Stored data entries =
--*--

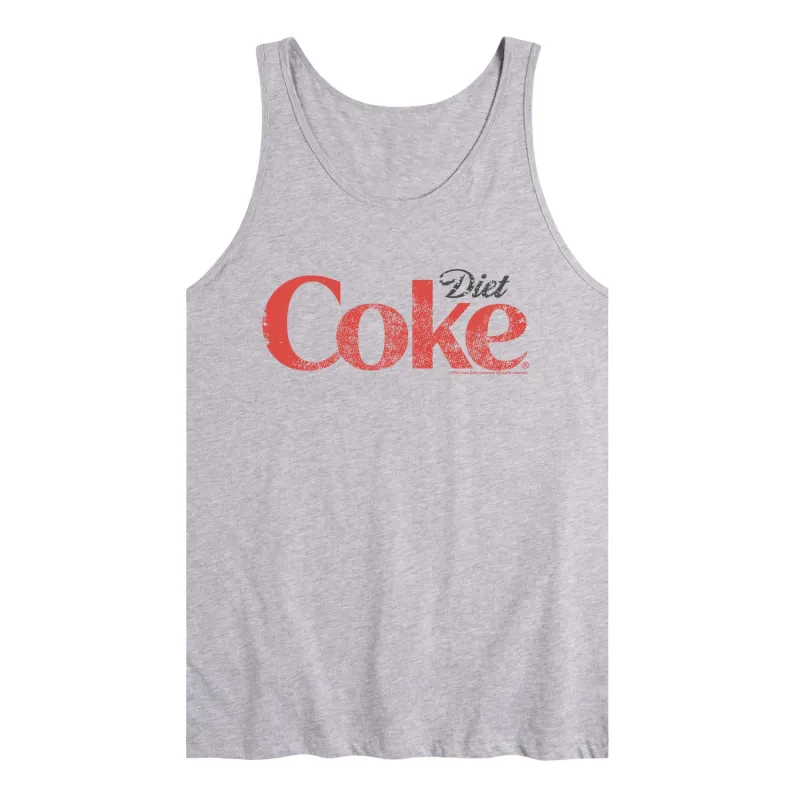 Coca-Cola - Diet Coke Logo - Men's Sleeveless Graphic Tank sold by Zulily
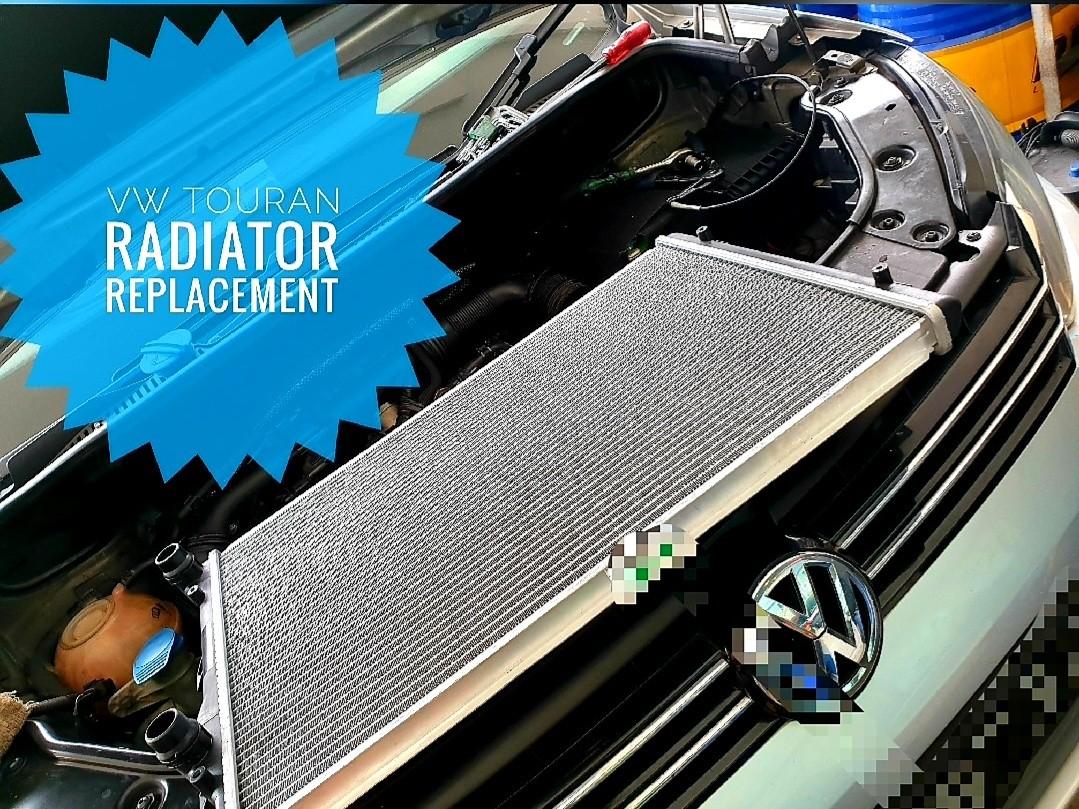 Volkswagen Jetta/Touran: Radiator Replacement, Car Accessories ...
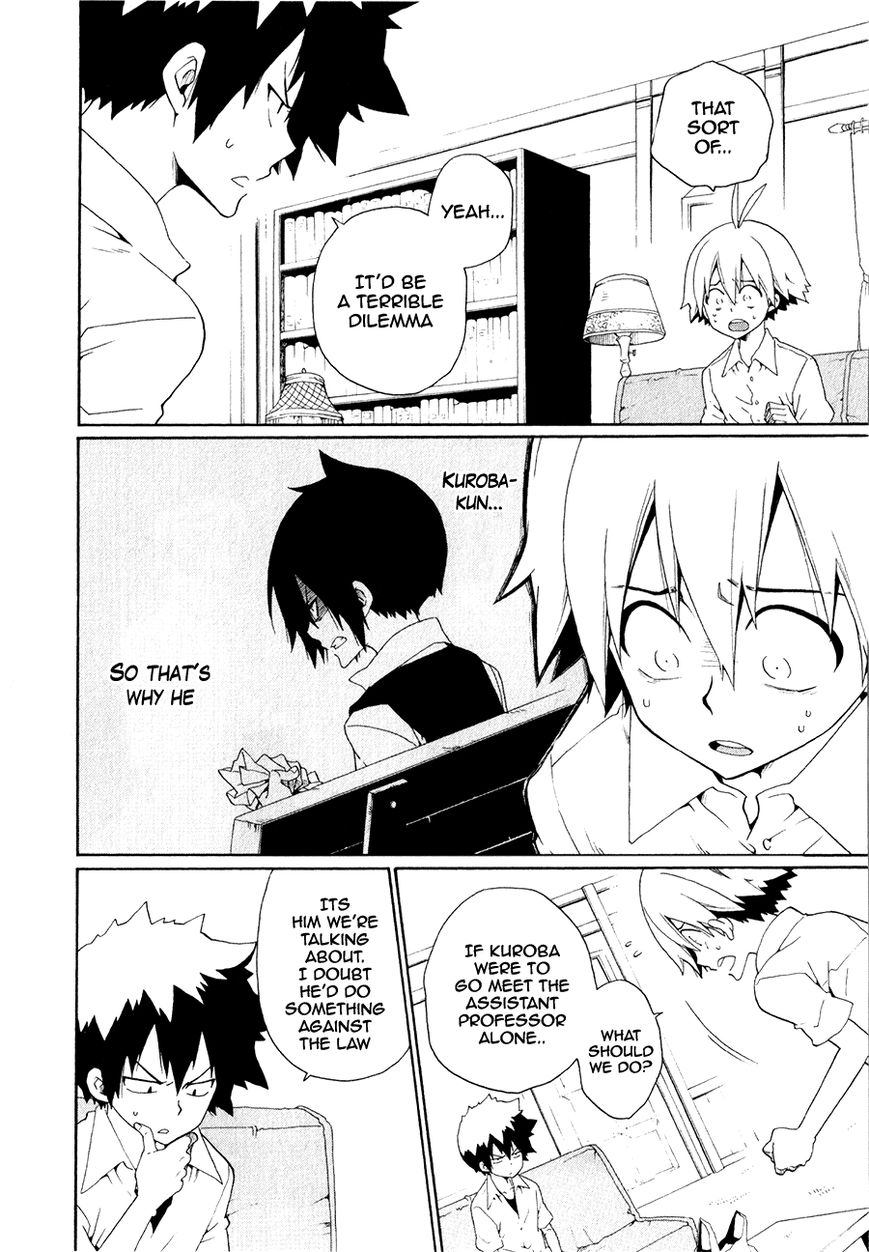 Kuro no Tantei Chapter 26 page 29 - Chapter 26 : Dilemma
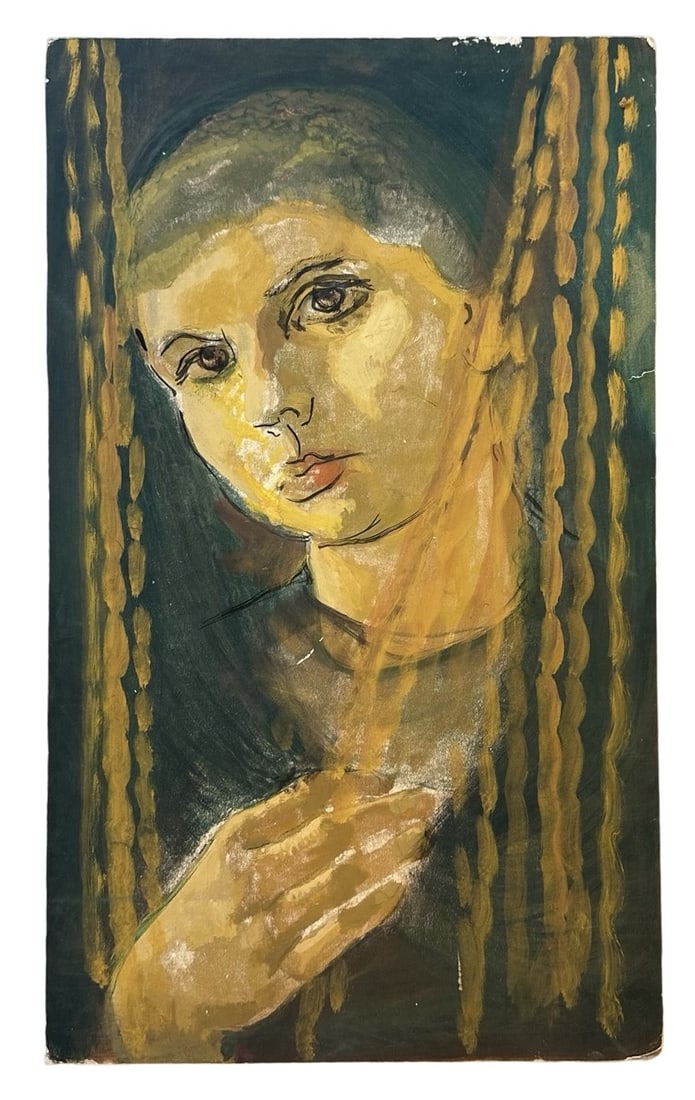 Elena and Bertha Hellenbranth (1900s) Budapest (1 of 6)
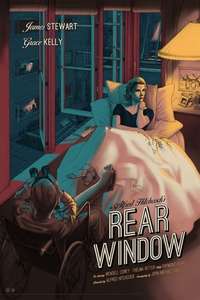 Rear Window - Poster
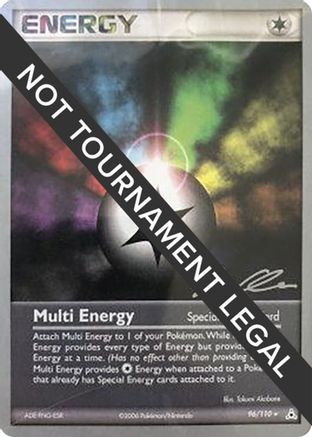 Multi Energy - 2006 (Jason Klaczynski) (96) [World Championship Decks]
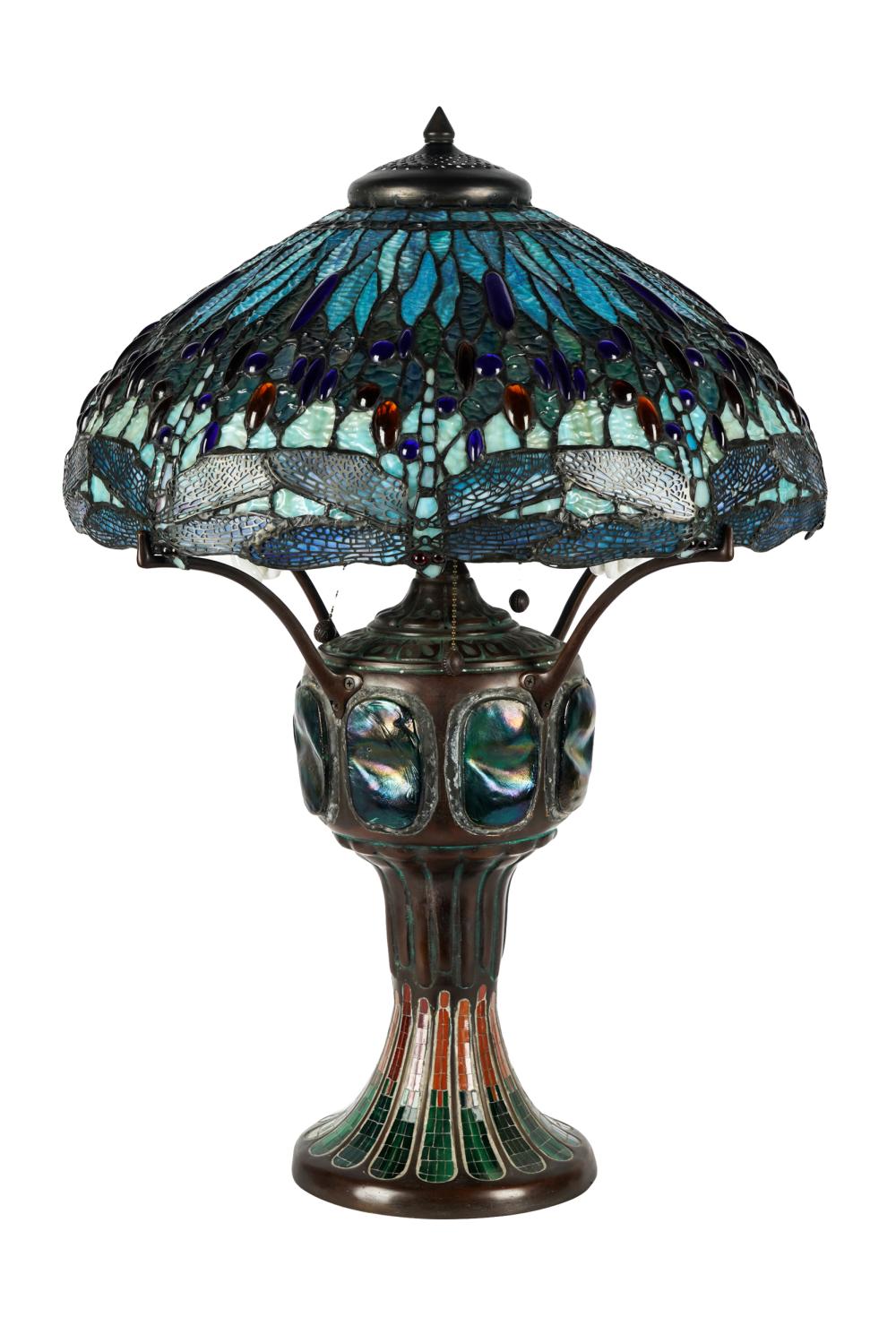 DALE TIFFANY STYLE DRAGONFLY TABLE 3276ab
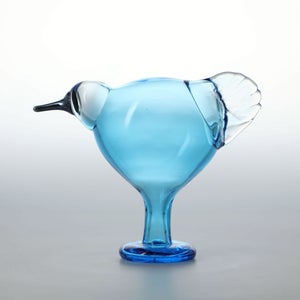 Birds Leppainen スカイブルー 0024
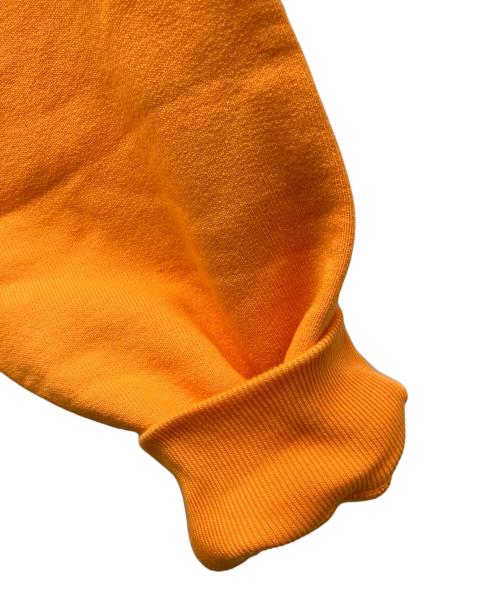 Champion REVERSE WEAVE（チャンピオン リバース ウィーブ）Champion REVERSE WEAVE (チャンピオン リバース ウィーブ) 裏起毛スウェット オレンジ サイズ:Lの古着・服飾アイテム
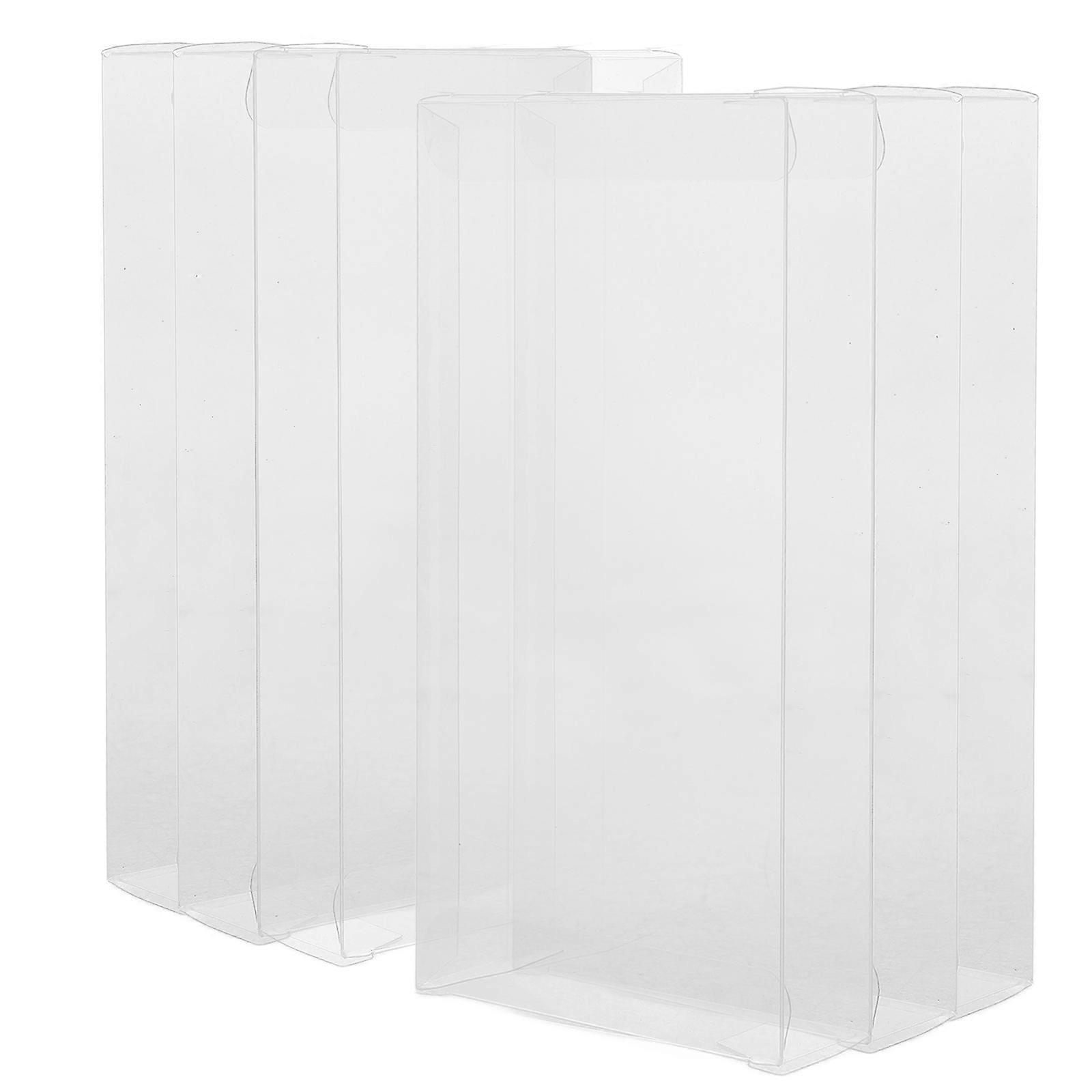 Clear Favor Boxes Gift Box for Storage Use 12Pcs Transparent Candy Treat Boxes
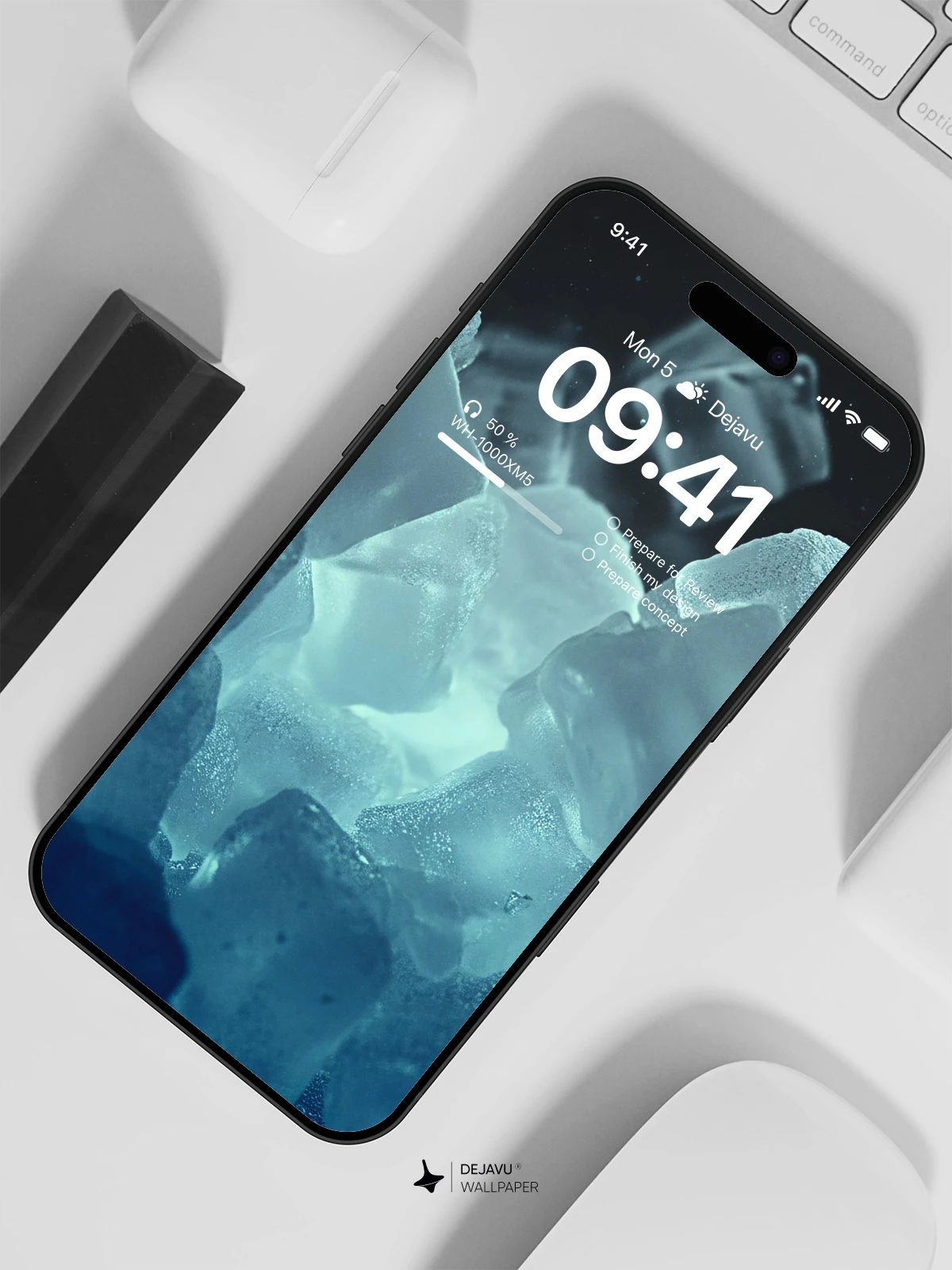 Ice Cube Wallpaper 4K for iPhone Lock Screen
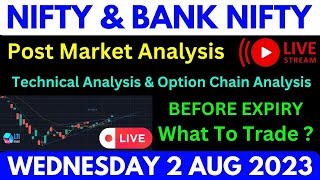 Nifty Prediction For Friday 28 July 2023 | Banknifty Prediction 28 July 2023 | Nifty tomorrow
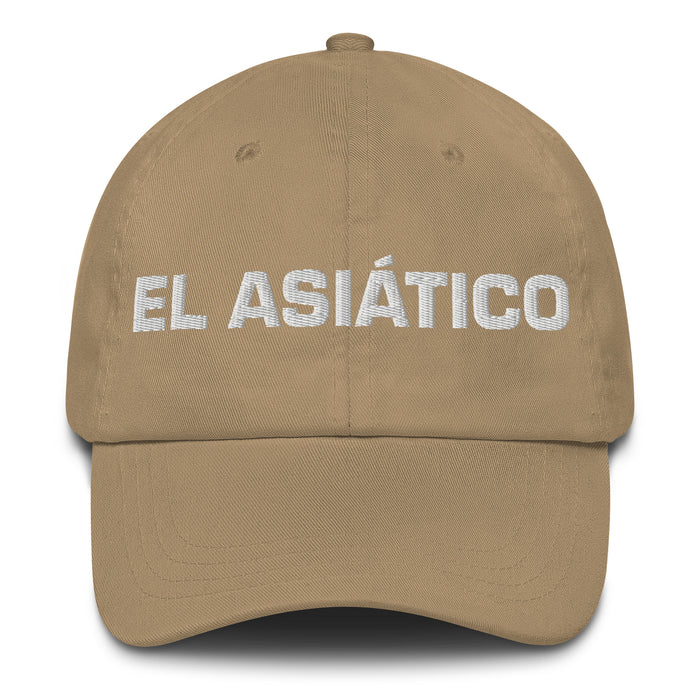 El Asiático The Asian Mexican Spanish Pride Gift Regalo Dad Hat - Mexicada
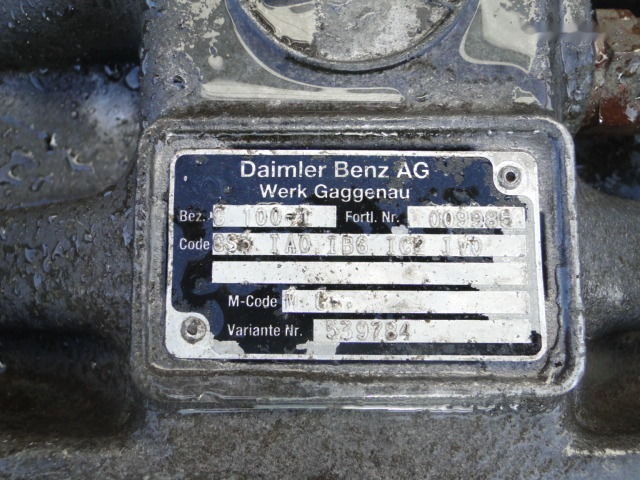 Mercedes-Benz G100-12 Mercedes-Benz Atego 1828 2528 - Převodovka pro Nákladní auto: obrázek 4 Mercedes-Benz G100-12 Mercedes-Benz Atego 1828 2528 - Převodovka pro Nákladní auto: obrázek 4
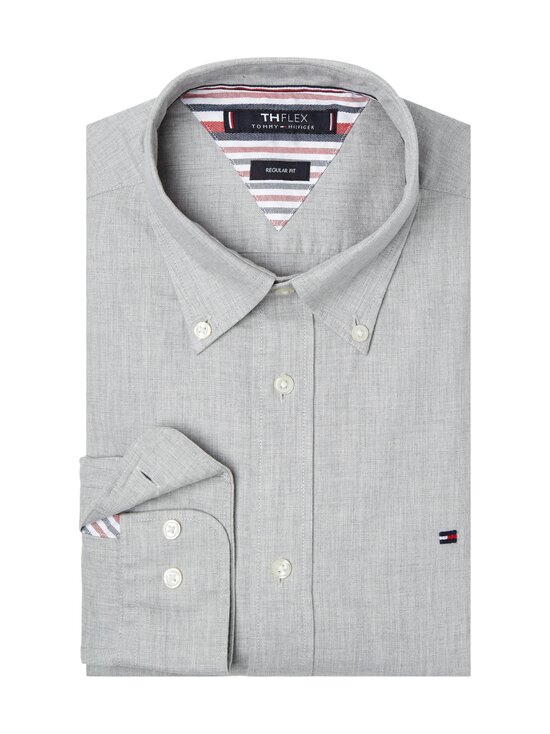 Tommy Hilfiger - HERRINGBONE -kauluspaita - P91 LIGHT GREY HEATHER - photo 3 Tommy Hilfiger - HERRINGBONE -kauluspaita - P91 LIGHT GREY HEATHER | Stockmann - photo 3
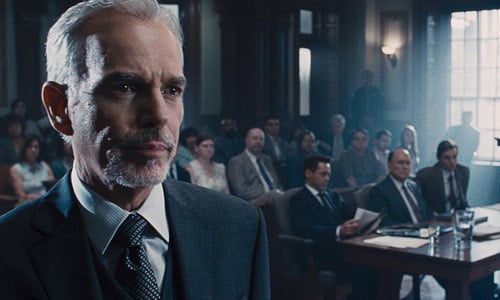 是裘莉的前夫、也是小勞勃道尼的死對頭  《大法官》比利鮑伯松頓 大法官、The Judge、比利鮑伯松頓、Billy Bob Thornton、反派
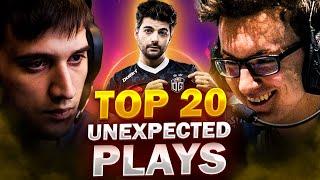 TOP 20 Most Unexpected Plays in Dota 2 History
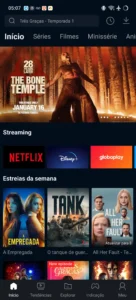 Cinema – APK MOD v4.0.7 (VIP/Adfree) – Filmes e Séries 2026! 3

--*--

Task requirements = All lines from the one containing "El Asiático The" through the final line of the entries above are to be copied exactly; the pictures are not.

Finished exercise =
 El Asiático The Asian Mexican Spanish Pride Gift Regalo Dad Hat - Mexicada
 Mercedes-Benz G100-12 Mercedes-Benz Atego 1828 2528 - Převodovka pro Nákladní auto: obrázek 4 Mercedes-Benz G100-12 Mercedes-Benz Atego 1828 2528 - Převodovka pro Nákladní auto: obrázek 4
 Tommy Hilfiger - HERRINGBONE -kauluspaita - P91 LIGHT GREY HEATHER - photo 3 Tommy Hilfiger - HERRINGBONE -kauluspaita - P91 LIGHT GREY HEATHER | Stockmann - photo 3
 是裘莉的前夫、也是小勞勃道尼的死對頭  《大法官》比利鮑伯松頓 大法官、The Judge、比利鮑伯松頓、Billy Bob Thornton、反派
 TOP 20 Most Unexpected Plays in Dota 2 History
 Cinema – APK MOD v4.0.7 (VIP/Adfree) – Filmes e Séries 2026! 3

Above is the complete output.